*** Begin section ***

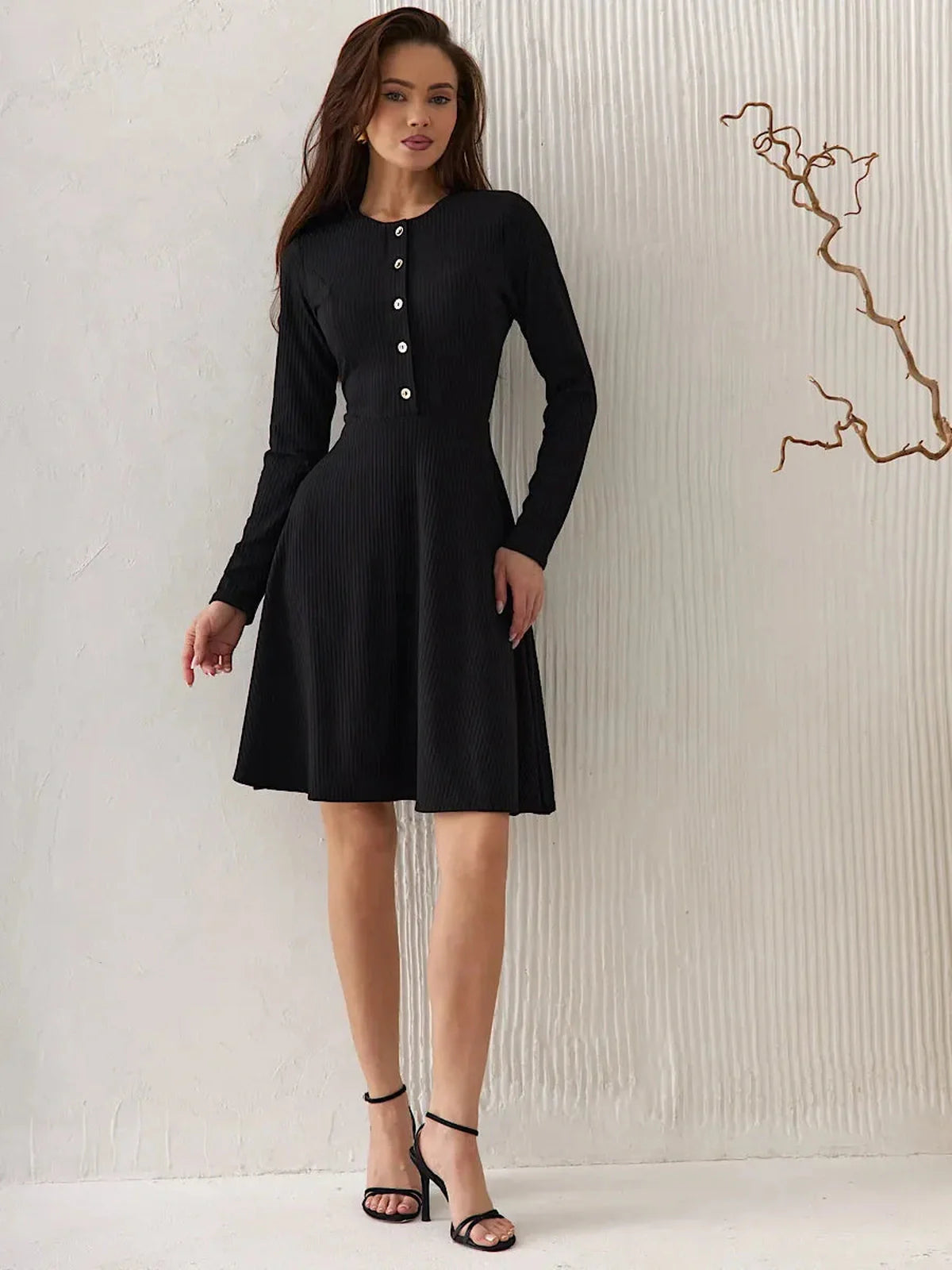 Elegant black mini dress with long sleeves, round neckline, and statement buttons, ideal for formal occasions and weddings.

*** End section ***
*** Begin section ***

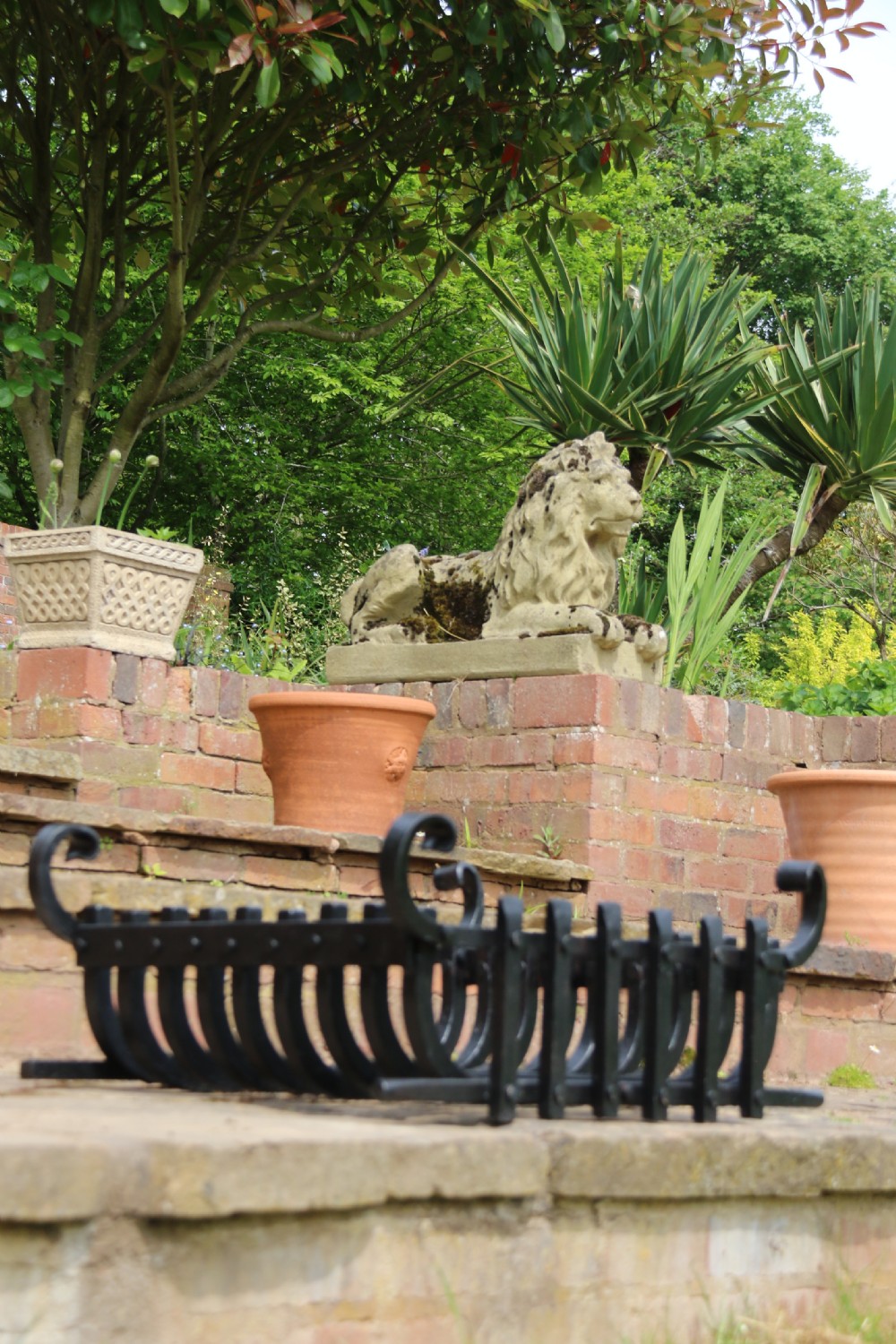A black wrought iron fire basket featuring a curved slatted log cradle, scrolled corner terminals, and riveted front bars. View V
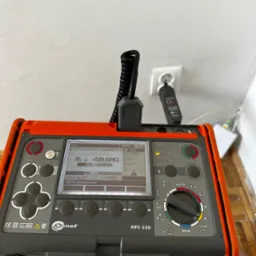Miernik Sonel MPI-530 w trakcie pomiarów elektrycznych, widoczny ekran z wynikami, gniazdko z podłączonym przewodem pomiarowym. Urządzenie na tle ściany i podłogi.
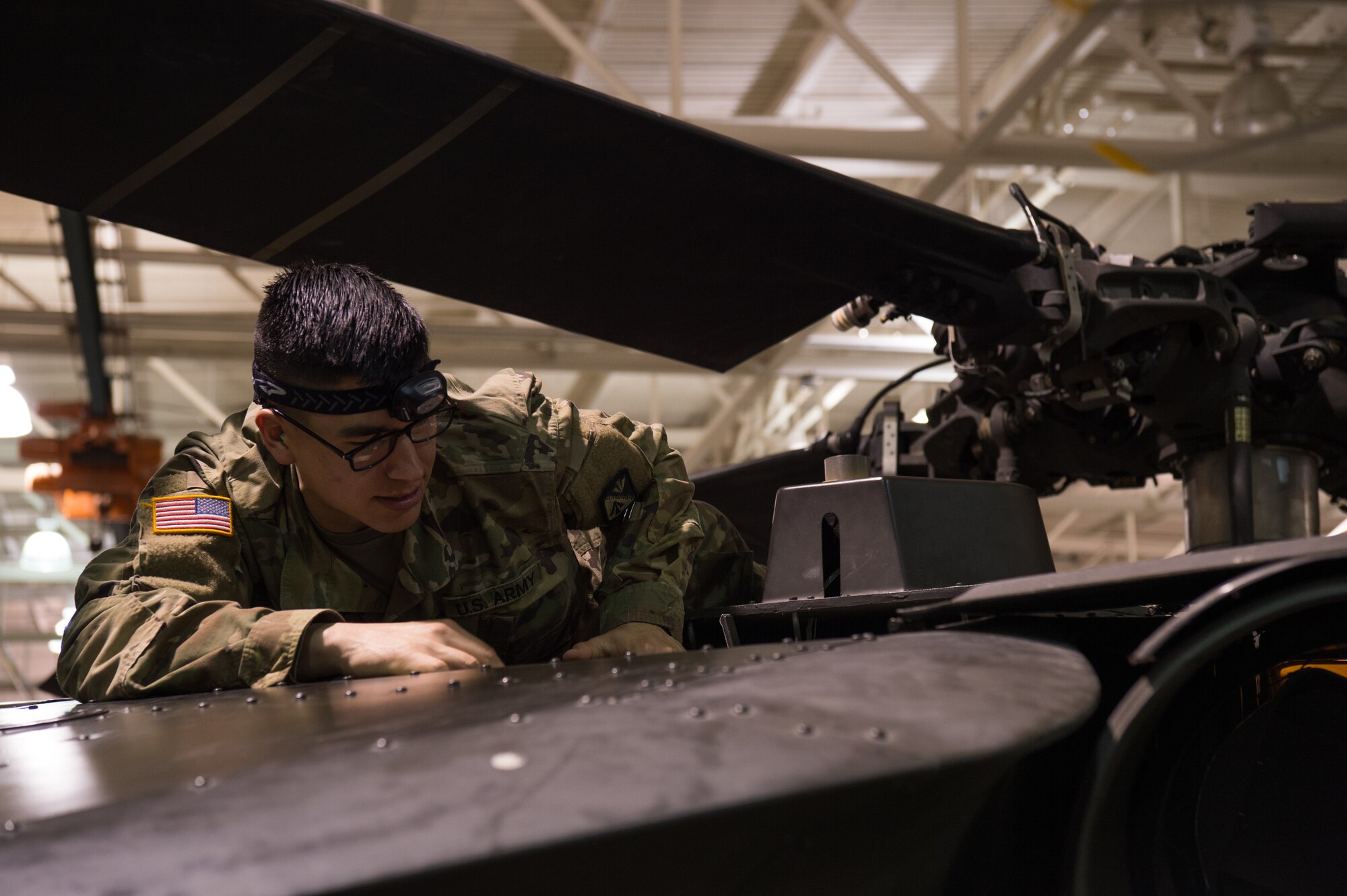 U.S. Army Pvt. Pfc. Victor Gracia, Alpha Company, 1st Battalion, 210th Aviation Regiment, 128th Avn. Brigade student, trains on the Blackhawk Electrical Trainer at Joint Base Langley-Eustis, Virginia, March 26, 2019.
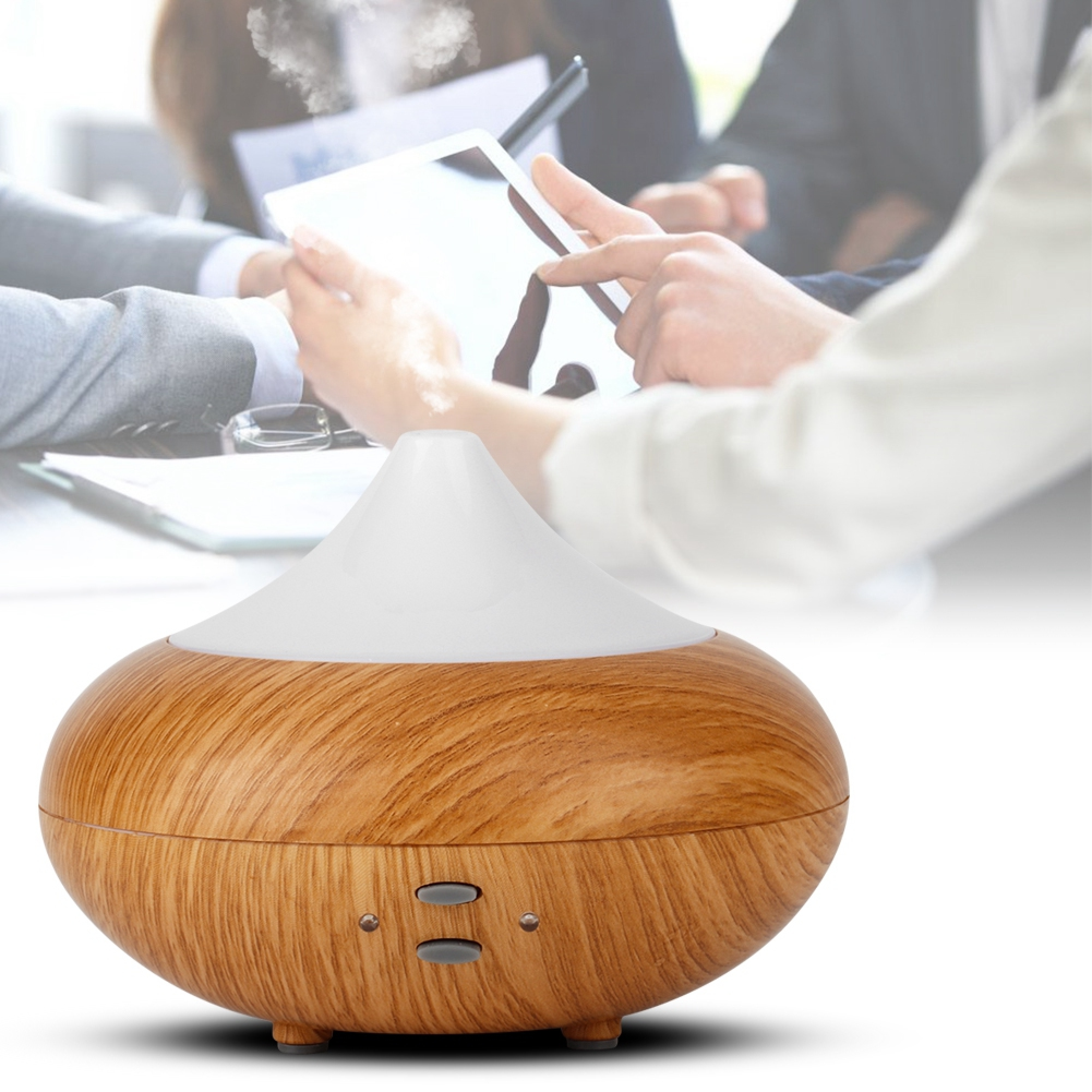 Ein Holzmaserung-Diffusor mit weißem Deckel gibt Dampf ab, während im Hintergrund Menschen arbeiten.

*** End section ***
*** Begin section ***

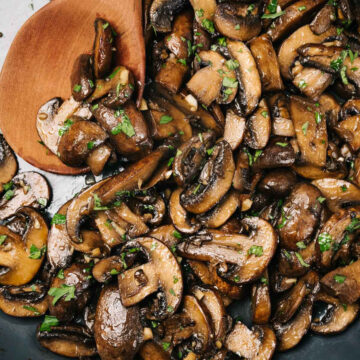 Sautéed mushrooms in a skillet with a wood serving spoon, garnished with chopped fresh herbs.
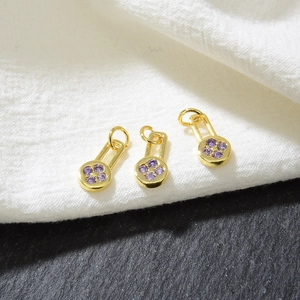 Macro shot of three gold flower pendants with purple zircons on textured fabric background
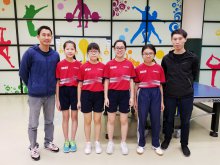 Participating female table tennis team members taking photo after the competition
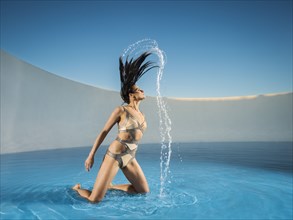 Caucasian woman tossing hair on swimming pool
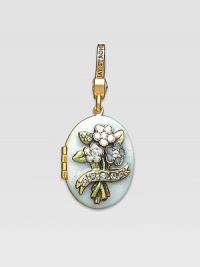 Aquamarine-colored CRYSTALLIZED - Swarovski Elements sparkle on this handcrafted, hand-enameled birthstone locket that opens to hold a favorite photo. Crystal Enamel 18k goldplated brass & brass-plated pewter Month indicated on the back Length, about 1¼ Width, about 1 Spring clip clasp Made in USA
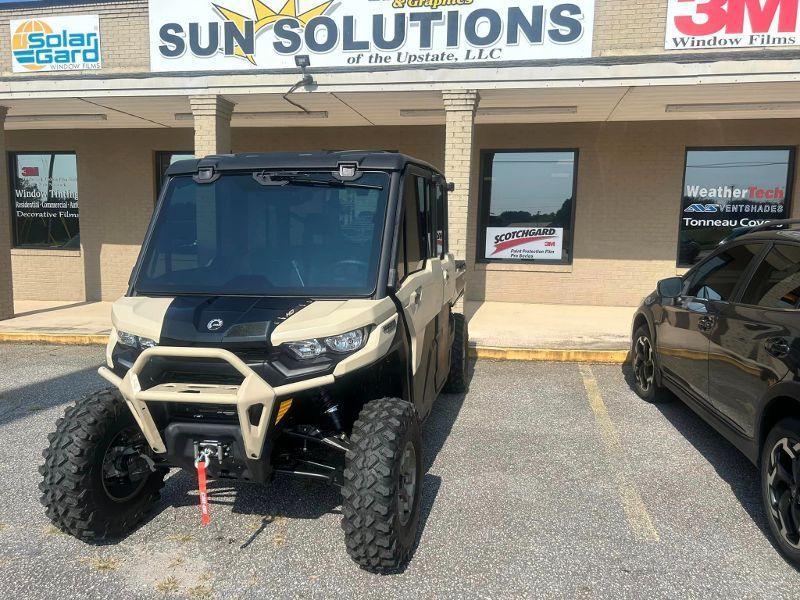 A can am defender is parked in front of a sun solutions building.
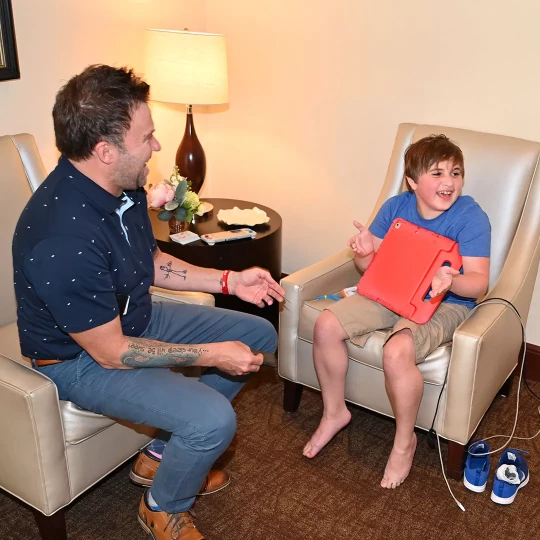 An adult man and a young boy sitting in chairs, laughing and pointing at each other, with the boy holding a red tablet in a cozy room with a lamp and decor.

*** End section ***

WHAT TO PRODUCE | With the pictures omitted, print the lines above exactly, beginning at the line with "Participating female table" and going on through the line with "An adult man".

SOLUTION TO THE EXERCISE |
 Participating female table tennis team members taking photo after the competition
 Caucasian woman tossing hair on swimming pool
 Aquamarine-colored CRYSTALLIZED - Swarovski Elements sparkle on this handcrafted, hand-enameled birthstone locket that opens to hold a favorite photo. Crystal Enamel 18k goldplated brass & brass-plated pewter Month indicated on the back Length, about 1¼ Width, about 1 Spring clip clasp Made in USA
 A can am defender is parked in front of a sun solutions building.
 An adult man and a young boy sitting in chairs, laughing and pointing at each other, with the boy holding a red tablet in a cozy room with a lamp and decor.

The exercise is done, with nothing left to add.